Capítulo 1 – Coisa de escritor
"Ela acordou devagar, suavemente. Antes de abrir seus olhos, pode perceber a claridade e o calor da luz do dia que ainda começava atingindo seu corpo. Nikki esboçou um sorriso, ainda anestesiada pelo sono. Os lençóis de altíssima qualidade da cama onde acordara pareciam acariciar sua pele. Os travesseiros a sua volta macios como plumas. Se movimentando levemente, no entanto, ela podia sentir a melhor parte de estar onde estava: o calor dos braços de Rook esquentando seu corpo antes tão gelado. Da mesma forma como ela abraçara um dos travesseiros, ele se mantinha abraçado a ela, com as pernas entrelaçadas às suas. Ela segurou a mão dele, trazendo-a mais para perto de seu peito e ele se aprumou à nova posição. Nada no mundo poderia tê-la acalmado mais do que ouvir a respiração de Jameson Rook em seu pescoço."
Eles desceram o elevador num silêncio que durou menos do que Beckett gostaria.
– Você não pode estar arrumada assim para ir a lugar nenhum. – Ele pressionou.
– Você não desiste, não é?
– É claro que não.
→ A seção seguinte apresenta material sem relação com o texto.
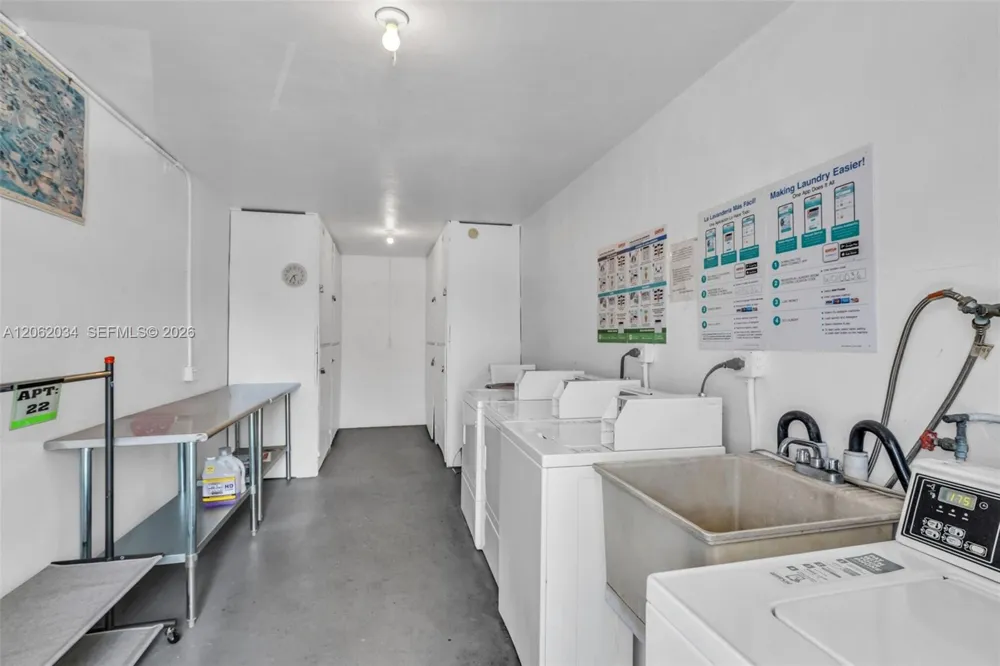 22 SE 3rd Ter #37 Dania Beach, FL 33004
Quem desiste não consegue o que quer. – Castle retrucou, virando o rosto para encará-la sem encontrar o sorriso irônico de sempre.
– O que houve?
Foi a vez de Beckett se virar. Seu semblante não parecia nem um pouco amigável. O mau humor praticamente emanava de seu olhar.
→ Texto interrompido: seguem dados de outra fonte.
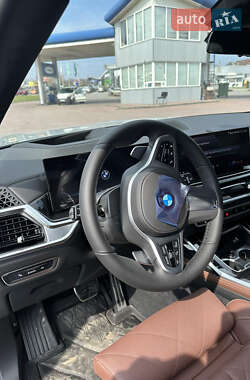 Внедорожник / Кроссовер BMW X7 2024 в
– Deixe de ser curioso. Do contrário vou perguntar o que você pretende fazer hoje.
Ele se calou, jogando as mãos para cima num sinal de rendição. Por mais que o humor da detetive lhe metesse medo, o seu próprio não era muito melhor.
As intenções de Castle para a noite eram as mais simples possíveis. Depois de um dia infernal de trabalho, com direito a perseguições e tiroteios, o escritor só queria tomar um banho rápido e dormir. Dormir até que pudesse simplesmente acordar no outro dia, com sorte, com um humor melhor. Com mais sorte ainda, o sono traria alguns sonhos, e esses sonhos desbloqueariam sua criatividade.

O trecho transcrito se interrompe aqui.